> [What this task involves]: Would you please transcribe the records below exactly, leaving out the pictures?

[Scraped caption text data]
■ ■ ■
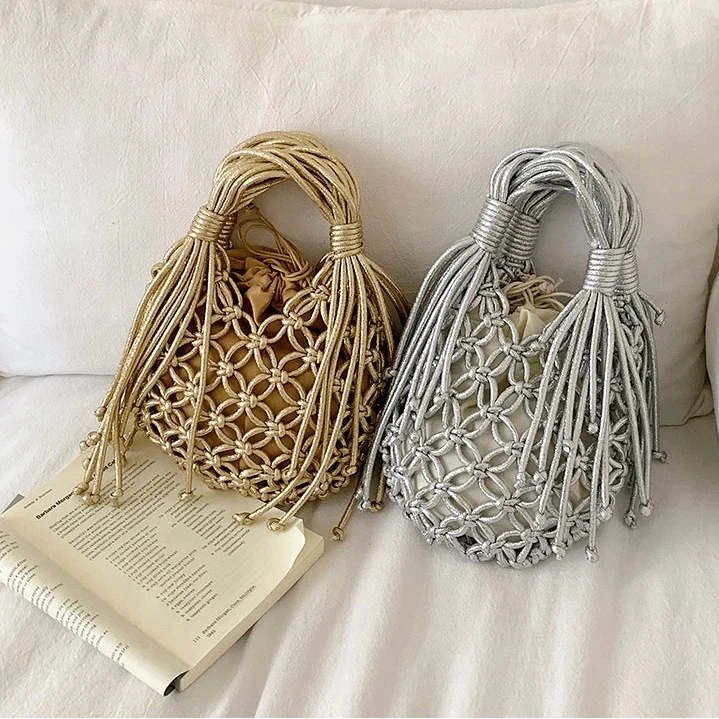 MOODS Luxury Glitter Metallic Bag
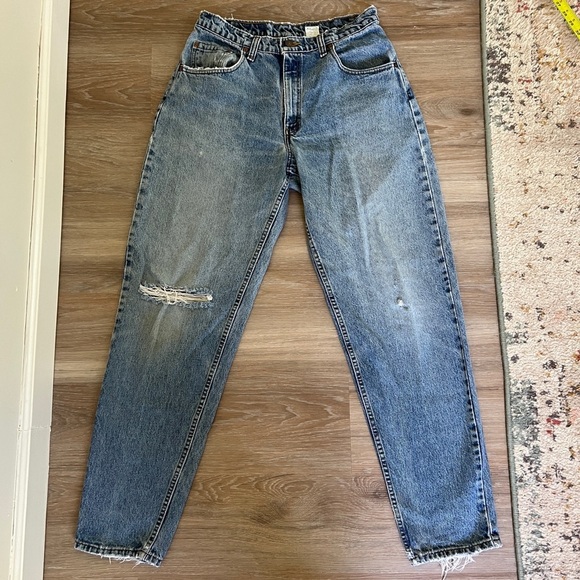 Vintage 90s Levi’s 560 32x32 Distressed Blue Jeans 1994 denim - Picture 1 of 15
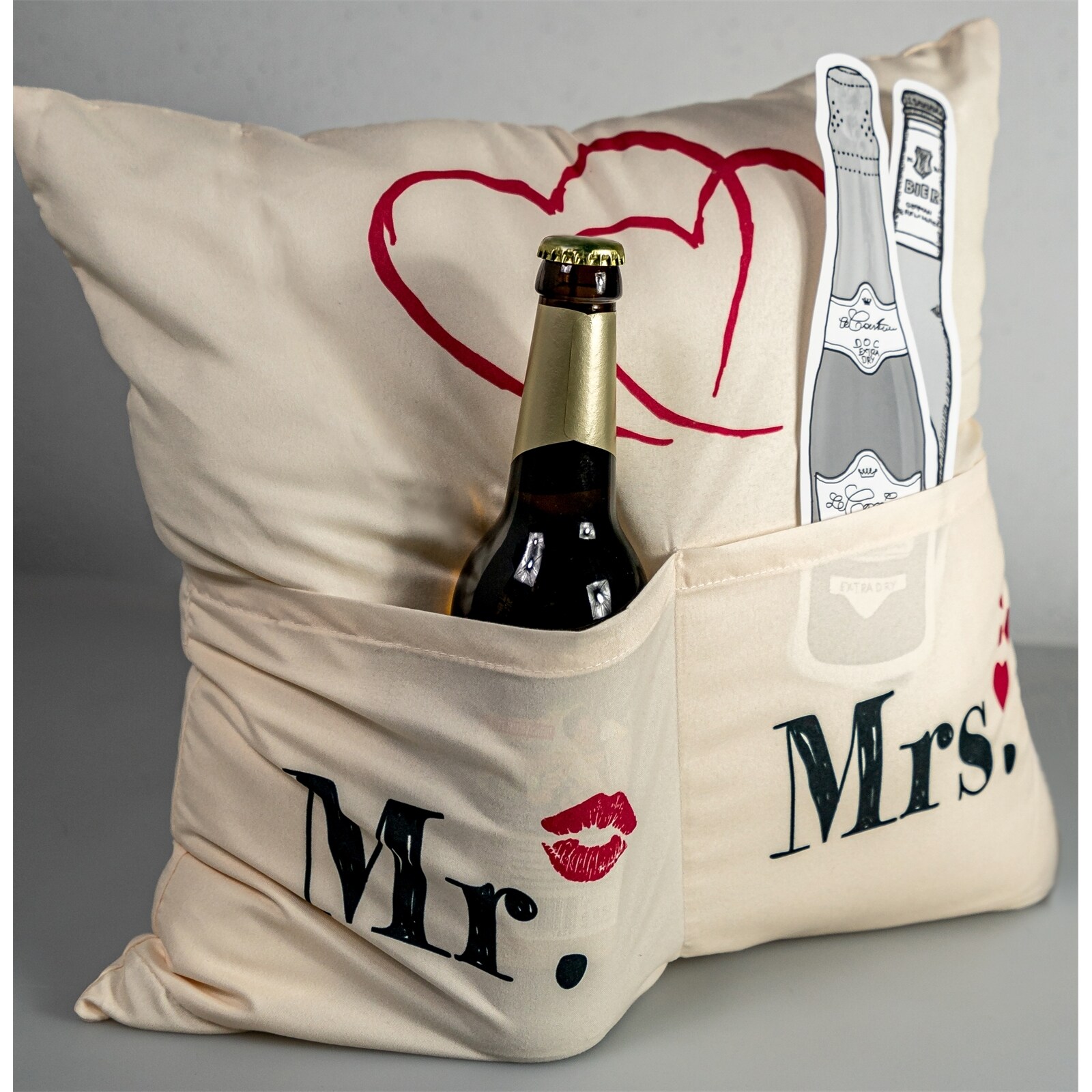 HTI-Living Kissen mit Taschen Mr. Mrs.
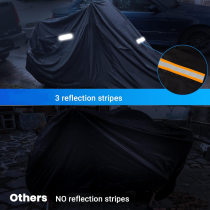 ATCZ-4755 All Season Black Waterproof Sun Motorcycle Cover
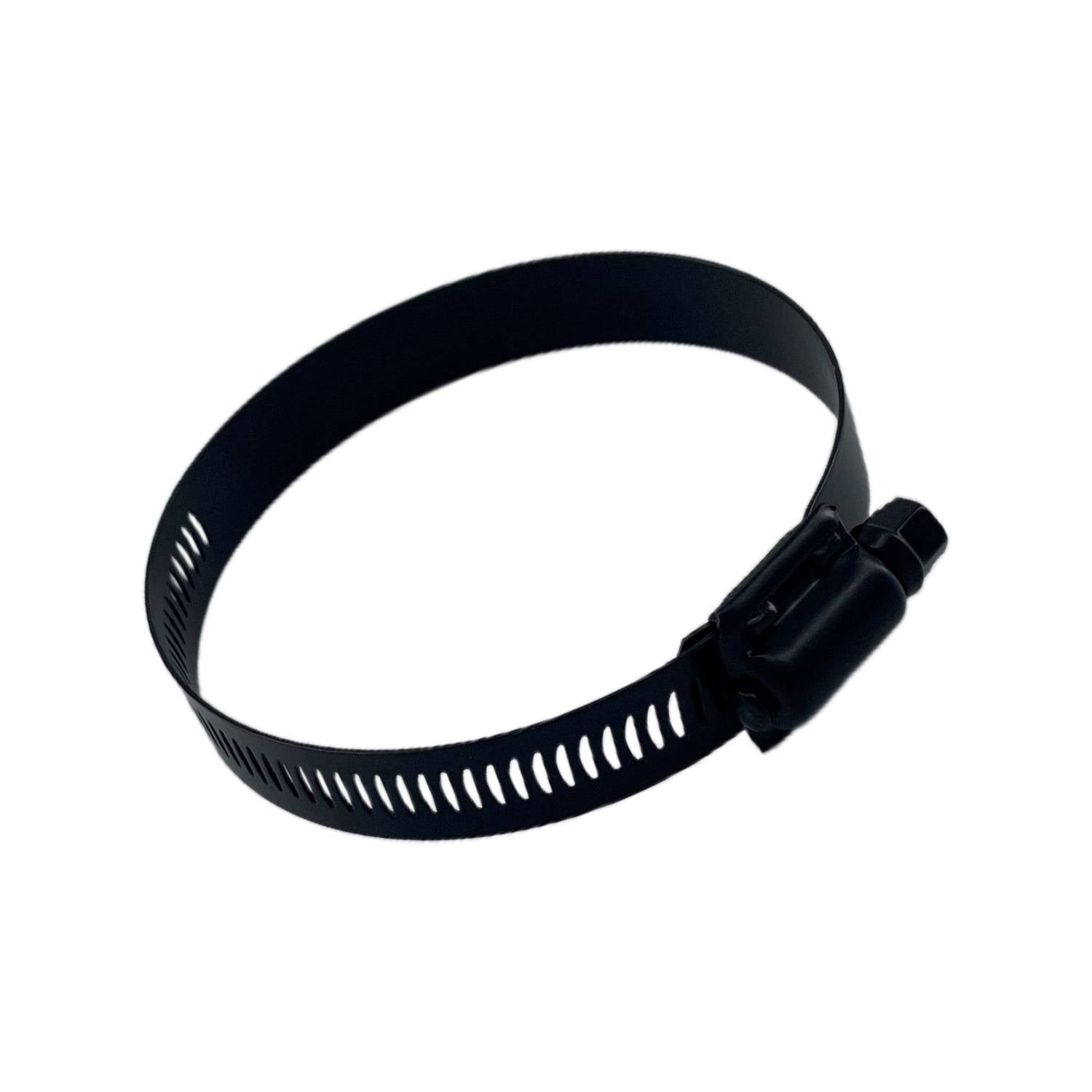 TFI Racing Single Stainless Steel Worm Gear 40-64mm Band Hose Clamp - Black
■ ■ ■
> [Result of the task]:
 MOODS Luxury Glitter Metallic Bag
 Vintage 90s Levi’s 560 32x32 Distressed Blue Jeans 1994 denim - Picture 1 of 15
 HTI-Living Kissen mit Taschen Mr. Mrs.
 ATCZ-4755 All Season Black Waterproof Sun Motorcycle Cover
 TFI Racing Single Stainless Steel Worm Gear 40-64mm Band Hose Clamp - Black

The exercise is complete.